A second conventional approach is to solder a connector to the additional flexible circuit for connection with a connector soldered onto the PCB. This approach offers ease of assembly and disassembly, but requires a connector on both the printed circuit board and the flexible circuit. In addition it requires a stiffener to be attached to the flexible circuit to support the connector, which increases the cost. It also has the disadvantage of achieving only low interconnect density.
A third conventional approach uses high pressure to force the flat contacts of the additional flex circuits onto the contacts of a printed circuit board. This approach has the disadvantage that a rigid structure is required to support the high pressure. In addition, this approach is limited in that it requires the contacts on the PCB to be above the surface of the PCB. Often a coating such as a solder mask is applied over a PCB to protect the conductors from solder bridging and moisture, which leaves the exposed contacts on the PCB slightly recessed below the surface of the PCB, which makes connection with the contacts difficult. The high pressure approach also has the disadvantage of high cost.

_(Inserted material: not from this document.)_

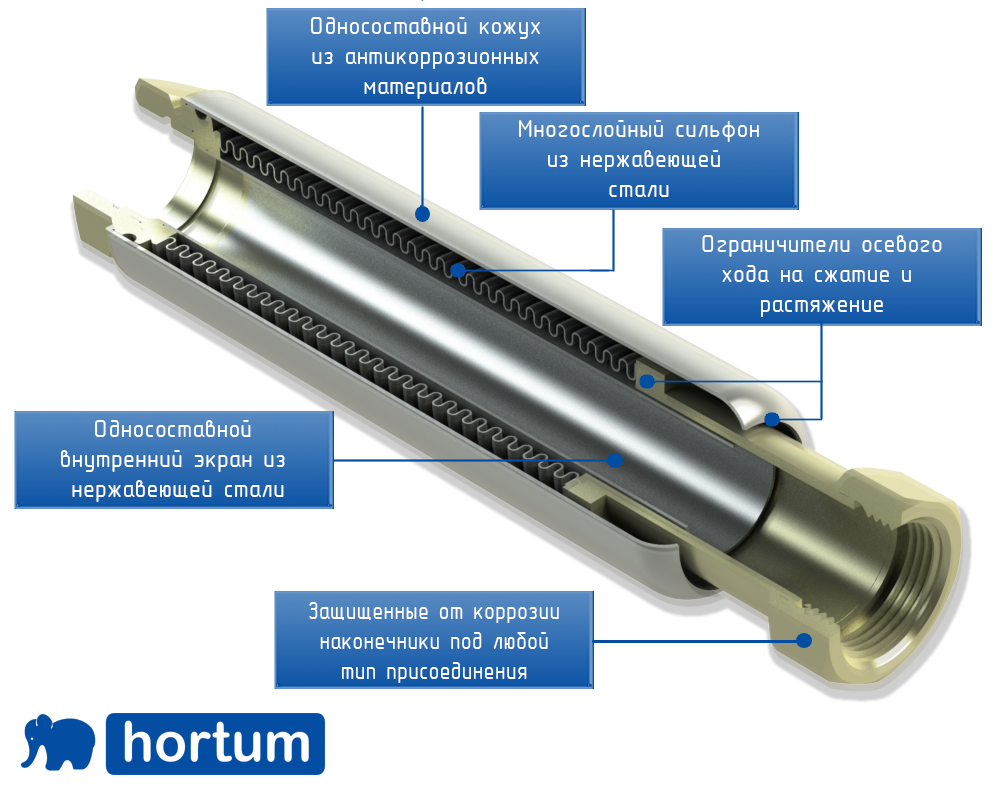 Рекомендации ООО НПП «Хортум» по выбору компенсатора для систем отопления и  водоснабжения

A fourth conventional approach is to use spring fingers which are soldered onto the PCB. The flexible circuit is then pressed onto the spring fingers to make contact. This approach has the shortcomings of high cost and low interconnect density, because of the space requirements for soldering the spring fingers to the PCB.
Another technique that has been used is a called a zebra stripe and consists of a elastomer having alternating conductive and nonconductive elastomer sections. The zebra stripe is placed between a flexible circuit and a PCB and then the entire assembly is pressed together to complete the interconnect. This approach has the shortcomings of low interconnect density, high cost, and low reliability.
Accordingly, there is a need in the art for an improved interconnect system that provides for low cost, high density, high reliability connection of multiple flex circuits to a printed circuit board.